I think it might be because this was the first of this engine build to be shown those many moons ago and that I took Jan's word for gospel, maybe was the reason that I took so much care of the lapping. 
I think the original build of the engine, showing all the machining and lapping was lost when we went to a private hosting site, as a lot of stuff was lost in the transfer over.

Members have had this engine running without going to the lengths I did, but some did have problems, whereas both mine were up and running very quickly, and I put that down to making the cylinder/piston fit a very good one. In fact all bits could be swapped between both engines with no detrimental effect on the running of either one.

The major breakthru was when I started to experiment with the vertical burners, once they were set in the correct sweet position, there was never any trouble starting, except for the warm up time, which I got around by sticking a blowtorch on the cylinder outer surface for about 30 seconds. If I left the engine to warm up itself, by leaving the valve open to atmosphere, it could take between 10 and 15 minutes before the engine started to show signs of life, but once running, by either method, it would run until the fuel ran out. BTW, it was because of the vertical burners that my engine could be moved about or run outside, before that, even farting near it and it would stop. Jan used the vertical burners on later versions of his engines.

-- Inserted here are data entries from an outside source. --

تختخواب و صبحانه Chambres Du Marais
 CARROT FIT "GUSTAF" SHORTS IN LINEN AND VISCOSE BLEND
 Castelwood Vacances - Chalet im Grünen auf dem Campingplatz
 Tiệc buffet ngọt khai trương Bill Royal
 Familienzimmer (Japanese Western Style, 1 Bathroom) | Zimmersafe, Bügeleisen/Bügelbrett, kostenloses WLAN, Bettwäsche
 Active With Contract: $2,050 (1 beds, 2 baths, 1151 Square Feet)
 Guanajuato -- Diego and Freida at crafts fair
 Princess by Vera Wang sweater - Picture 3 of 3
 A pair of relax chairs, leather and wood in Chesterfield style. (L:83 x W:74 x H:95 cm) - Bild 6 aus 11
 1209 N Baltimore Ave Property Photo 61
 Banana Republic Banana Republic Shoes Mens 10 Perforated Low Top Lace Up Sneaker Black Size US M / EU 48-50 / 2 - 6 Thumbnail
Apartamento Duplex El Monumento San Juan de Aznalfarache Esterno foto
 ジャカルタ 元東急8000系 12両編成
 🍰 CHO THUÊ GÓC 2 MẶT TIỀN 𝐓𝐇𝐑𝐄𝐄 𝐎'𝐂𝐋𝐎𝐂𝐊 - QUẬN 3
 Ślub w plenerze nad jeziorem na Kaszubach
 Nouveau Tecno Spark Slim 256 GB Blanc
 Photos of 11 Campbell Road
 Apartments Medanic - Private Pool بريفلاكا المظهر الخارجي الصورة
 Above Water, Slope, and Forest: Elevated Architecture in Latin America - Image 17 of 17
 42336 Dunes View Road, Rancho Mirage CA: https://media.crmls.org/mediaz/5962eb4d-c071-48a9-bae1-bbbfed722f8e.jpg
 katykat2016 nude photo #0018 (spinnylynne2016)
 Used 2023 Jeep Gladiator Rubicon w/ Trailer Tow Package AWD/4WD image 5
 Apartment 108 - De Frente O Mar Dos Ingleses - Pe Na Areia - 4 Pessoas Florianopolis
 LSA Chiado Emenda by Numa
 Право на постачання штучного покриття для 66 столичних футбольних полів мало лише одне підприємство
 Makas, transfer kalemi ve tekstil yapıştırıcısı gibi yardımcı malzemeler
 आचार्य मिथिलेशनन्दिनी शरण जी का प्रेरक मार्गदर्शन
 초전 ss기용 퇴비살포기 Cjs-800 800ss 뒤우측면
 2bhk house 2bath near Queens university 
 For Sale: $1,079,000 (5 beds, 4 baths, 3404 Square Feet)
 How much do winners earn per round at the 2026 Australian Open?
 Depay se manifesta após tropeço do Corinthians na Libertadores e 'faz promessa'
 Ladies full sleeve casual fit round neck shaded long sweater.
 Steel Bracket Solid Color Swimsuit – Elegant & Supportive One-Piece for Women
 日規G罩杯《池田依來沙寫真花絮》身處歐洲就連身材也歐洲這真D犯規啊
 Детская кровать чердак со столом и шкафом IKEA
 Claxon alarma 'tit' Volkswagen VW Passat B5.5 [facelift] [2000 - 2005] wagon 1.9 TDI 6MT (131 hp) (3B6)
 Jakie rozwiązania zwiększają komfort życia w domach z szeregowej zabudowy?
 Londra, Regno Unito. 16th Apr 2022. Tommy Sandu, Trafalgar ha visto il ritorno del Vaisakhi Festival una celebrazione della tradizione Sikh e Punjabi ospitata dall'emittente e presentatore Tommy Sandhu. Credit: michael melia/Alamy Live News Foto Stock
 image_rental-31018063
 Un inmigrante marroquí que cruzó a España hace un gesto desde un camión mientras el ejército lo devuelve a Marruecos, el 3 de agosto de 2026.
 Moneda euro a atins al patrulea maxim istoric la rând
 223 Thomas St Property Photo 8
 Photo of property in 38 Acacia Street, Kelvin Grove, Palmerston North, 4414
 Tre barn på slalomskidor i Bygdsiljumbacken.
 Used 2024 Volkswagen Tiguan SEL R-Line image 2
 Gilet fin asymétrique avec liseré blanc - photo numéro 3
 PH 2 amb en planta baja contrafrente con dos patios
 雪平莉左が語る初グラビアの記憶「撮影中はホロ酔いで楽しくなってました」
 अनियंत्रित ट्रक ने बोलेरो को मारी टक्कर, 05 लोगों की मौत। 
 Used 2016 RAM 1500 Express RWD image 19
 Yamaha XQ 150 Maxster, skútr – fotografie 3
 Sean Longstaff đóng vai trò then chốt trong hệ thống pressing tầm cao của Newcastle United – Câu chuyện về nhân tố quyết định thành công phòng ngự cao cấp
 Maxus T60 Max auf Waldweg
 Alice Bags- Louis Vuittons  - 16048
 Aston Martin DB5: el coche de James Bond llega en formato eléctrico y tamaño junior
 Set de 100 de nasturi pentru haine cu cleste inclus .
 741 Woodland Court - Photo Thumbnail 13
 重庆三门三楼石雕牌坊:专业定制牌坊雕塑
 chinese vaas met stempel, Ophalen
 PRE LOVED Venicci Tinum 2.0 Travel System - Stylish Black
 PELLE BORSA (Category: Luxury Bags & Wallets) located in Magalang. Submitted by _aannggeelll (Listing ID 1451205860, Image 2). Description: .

I could never get mine to freewheel as well as Jan says it needs to do, but having said that, these engines produce so little power, most probably only just enough to turn themselves over, friction, or lack of it does play a large part in getting them to run correctly.

Hope this helps.

John


----------



## AussieJimG (Oct 18, 2010)

Thanks John, there is really no substitute for advice from people like you. Much appreciated.
Jim


----------